Proving the odd Bernoulli numbers are zero suppose we define the Bernoulli numbers $b_n, n = 1, 2, 3, \ldots$ by the Faulhaber's fomula 
$$\begin{eqnarray*}1 + 2^k + 3^k + \ldots n^k &=& \frac{1}{k+1}[n^{k+1} + b_1 c(k+1,2) n^k + b_2 c(k+1,3)n^{k-1} + \ldots ]\\&=& \frac{(n+b)^{k+1}-b^{k+1}}{k+1}\end{eqnarray*}$$
with the proviso we replace $b^k$ by $b_k$ in the binomial expansion and $c(k,l)$ is $k$ choose $l.$ 
my question is, how do you show all the odd Bernoulli numbers except $b_1$ is zero without invoking heavy analytical tools so that the reason can be explained to
a student who has only had one or two semesters of calculus in high school.

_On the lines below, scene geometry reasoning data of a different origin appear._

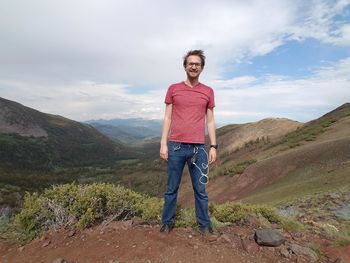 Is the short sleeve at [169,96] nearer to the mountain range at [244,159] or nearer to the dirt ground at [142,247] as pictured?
the dirt ground at [142,247]

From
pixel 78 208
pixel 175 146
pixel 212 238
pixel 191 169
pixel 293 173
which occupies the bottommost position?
pixel 293 173

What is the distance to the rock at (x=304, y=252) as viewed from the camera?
5.75 m

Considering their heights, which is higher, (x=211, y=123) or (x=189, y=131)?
(x=211, y=123)

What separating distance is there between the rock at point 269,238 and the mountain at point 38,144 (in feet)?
319

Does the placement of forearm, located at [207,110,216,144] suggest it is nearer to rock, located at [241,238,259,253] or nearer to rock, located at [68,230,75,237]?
rock, located at [241,238,259,253]

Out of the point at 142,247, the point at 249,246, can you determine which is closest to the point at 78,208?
the point at 142,247

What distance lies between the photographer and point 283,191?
765 inches

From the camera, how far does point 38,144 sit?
5005 inches

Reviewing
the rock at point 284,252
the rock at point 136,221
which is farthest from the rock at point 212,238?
the rock at point 136,221

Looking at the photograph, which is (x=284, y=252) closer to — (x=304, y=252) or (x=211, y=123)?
(x=304, y=252)

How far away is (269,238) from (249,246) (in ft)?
1.22

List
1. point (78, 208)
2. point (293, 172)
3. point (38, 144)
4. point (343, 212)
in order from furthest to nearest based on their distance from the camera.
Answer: point (38, 144), point (293, 172), point (343, 212), point (78, 208)

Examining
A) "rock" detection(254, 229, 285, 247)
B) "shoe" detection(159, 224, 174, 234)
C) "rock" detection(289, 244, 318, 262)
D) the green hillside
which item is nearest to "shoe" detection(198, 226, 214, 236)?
"shoe" detection(159, 224, 174, 234)

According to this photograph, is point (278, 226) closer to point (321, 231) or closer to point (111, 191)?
point (321, 231) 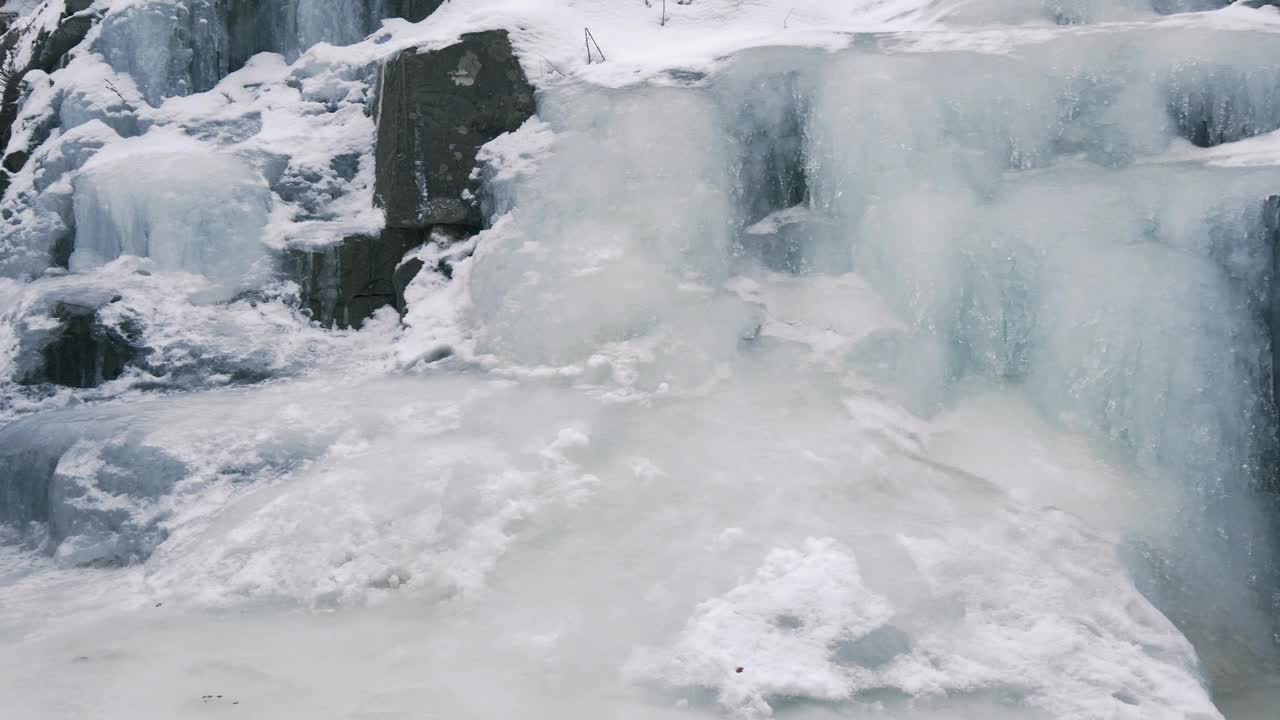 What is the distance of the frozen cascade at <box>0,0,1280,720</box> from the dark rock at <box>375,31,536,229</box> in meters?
0.20

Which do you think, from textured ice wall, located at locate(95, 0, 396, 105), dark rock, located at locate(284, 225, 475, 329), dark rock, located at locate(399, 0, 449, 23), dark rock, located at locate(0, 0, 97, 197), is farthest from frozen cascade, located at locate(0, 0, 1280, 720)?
dark rock, located at locate(0, 0, 97, 197)

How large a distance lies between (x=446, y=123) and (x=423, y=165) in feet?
1.20

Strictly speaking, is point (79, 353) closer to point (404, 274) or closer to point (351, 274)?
point (351, 274)

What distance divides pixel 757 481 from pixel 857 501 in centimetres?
→ 48

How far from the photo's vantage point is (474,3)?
8.76 metres

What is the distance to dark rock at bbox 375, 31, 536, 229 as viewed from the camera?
6695mm

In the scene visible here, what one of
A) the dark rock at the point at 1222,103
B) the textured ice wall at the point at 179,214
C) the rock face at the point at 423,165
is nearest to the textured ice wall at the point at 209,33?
the textured ice wall at the point at 179,214

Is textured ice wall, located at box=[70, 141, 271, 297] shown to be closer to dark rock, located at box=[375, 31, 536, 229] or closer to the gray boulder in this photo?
the gray boulder

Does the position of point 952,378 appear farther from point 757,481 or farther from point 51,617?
point 51,617

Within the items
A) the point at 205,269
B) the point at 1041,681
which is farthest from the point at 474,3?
the point at 1041,681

 A: Define $\sigma_k(n) = \sum_{i=1}^n i^k$ then since $\sigma_1(n) = \frac{n(n+1)}{2}$
First to show that the coefficient of $n$ in $\sigma_{2k+1}$ is $b^{2k+1}$: It's immediate from applying the binomial theorem to $\sigma_{2k+1}(n) = \frac{(n+b)^{k+1}-b^{k+1}}{k+1}$. Then we can show this coefficient is always zero by showing these polynomials are divisible by something with $n^2$ as its lowest power.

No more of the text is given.